From: Aaron Parecki <[email protected]>
Sent: Tuesday, March 10, 2020 6:47 AM
To: Justin Richer <[email protected]>
Cc: Mike Jones <[email protected]>; Rifaat Shekh-Yusef 
<[email protected]>; [email protected]
Subject: [EXTERNAL] Re: [OAUTH-WG] OAuth 2.0 DPoP for the Implicit Flow

This is my sentiment as well, I would not support this text being added to the 
DPoP draft.

Aaron



On Tue, Mar 10, 2020 at 6:35 AM Justin Richer 
<[email protected]<mailto:[email protected]>> wrote:
I for one appreciate it being a separate draft as I don’t agree with this 
solution but do think we should move forward with DPoP.

 — Justin


On Mar 10, 2020, at 6:40 AM, Rifaat Shekh-Yusef 
<[email protected]<mailto:[email protected]>> wrote:

Mike,

What was the reason for creating a separate draft for this?
Why cannot this be folded into the exiting DPoP draft?

Regards,
 Rifaat


On Mon, Mar 9, 2020 at 8:12 PM Mike Jones 
<[email protected]<mailto:[email protected]>>
 wrote:
As I previously described<https://self-issued.info/?p=1967>, members of the 
OAuth working group have developed a simplified approach to providing 
application-level proof-of-possession protections for OAuth 2.0 access tokens 
and refresh tokens.  This approach is called OAuth 2.0 Demonstration of 
Proof-of-Possession at the Application Layer (DPoP).  Among other benefits, it 
does not require a complicated and error-prone procedure for signing HTTP 
requests, as some past approaches have.

However, the DPoP specification to date has assumed that the client is using 
the OAuth authorization code flow.  As promised at the last IETF meeting, we’ve 
now published a simple companion specification that describes how DPoP can be 
used with the OAuth implicit flow – in which access tokens are returned 
directly from the authorization endpoint.  The specification is mercifully 
brief because very little had to be added to supplement the existing DPoP spec 
to enable use of DPoP with the implicit flow.  Thanks to Brian Campbell and 
John Bradley for whiteboarding this solution with me.

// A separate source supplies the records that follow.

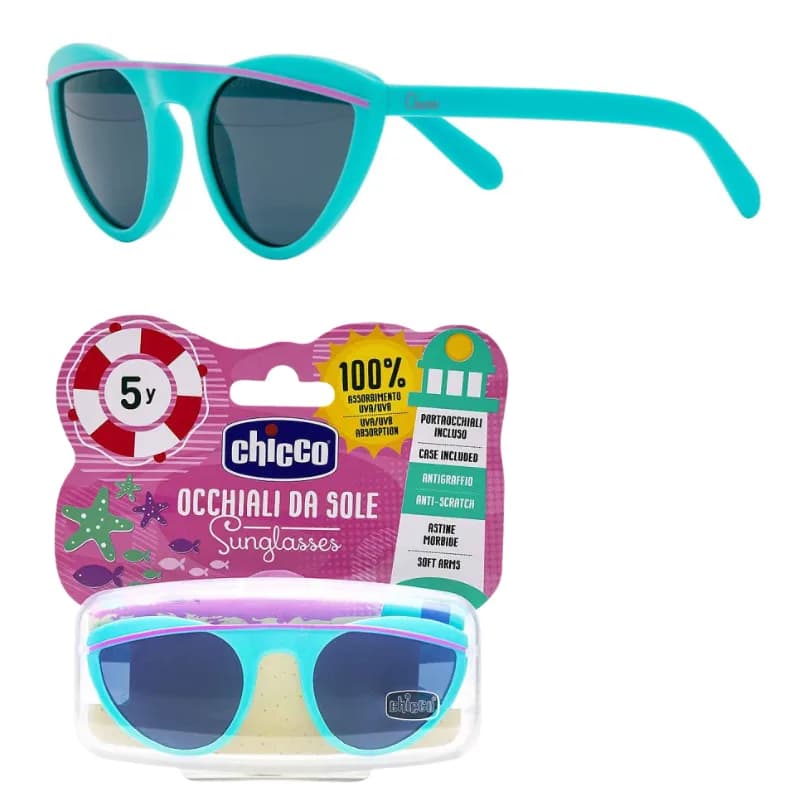 Chicco Lunettes de Soleil Fille Vert Deau 5 Ans+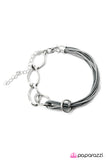 Paparazzi "Hitching A Ride - Silver" bracelet Paparazzi Jewelry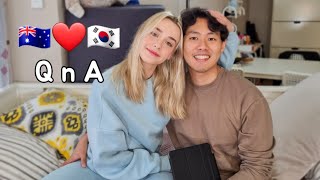 [AMWF Q&A] Korean Australian Couple Q&A! Going To Korea? Who Farts More? MBTI? Arguing? And More!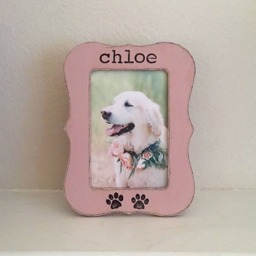 Personalized Dog Picture Frame, Pet Memorial Loss, Loss Of Dog, Memory, Lover - Flowers in December - thumbnail 1
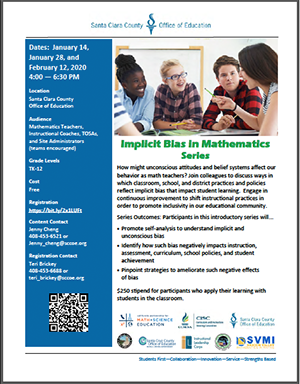 ImplicitBias Math flyer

Finally, in a related development, it was decided during the OAuth virtual 
interim meeting today to call for working group adoption of the core DPoP 
draft.  That’s an important step on the journey towards making it a standard.

The specification is available at:

  *   https://tools.ietf.org/html/draft-jones-oauth-dpop-implicit-00

An HTML-formatted version is also available at:

  *   https://self-issued.info/docs/draft-jones-oauth-dpop-implicit-00.html

                                                       -- Mike

P.S.  This notice was also posted at https://self-issued.info/?p=2063 and as 
@selfissued<https://twitter.com/selfissued>.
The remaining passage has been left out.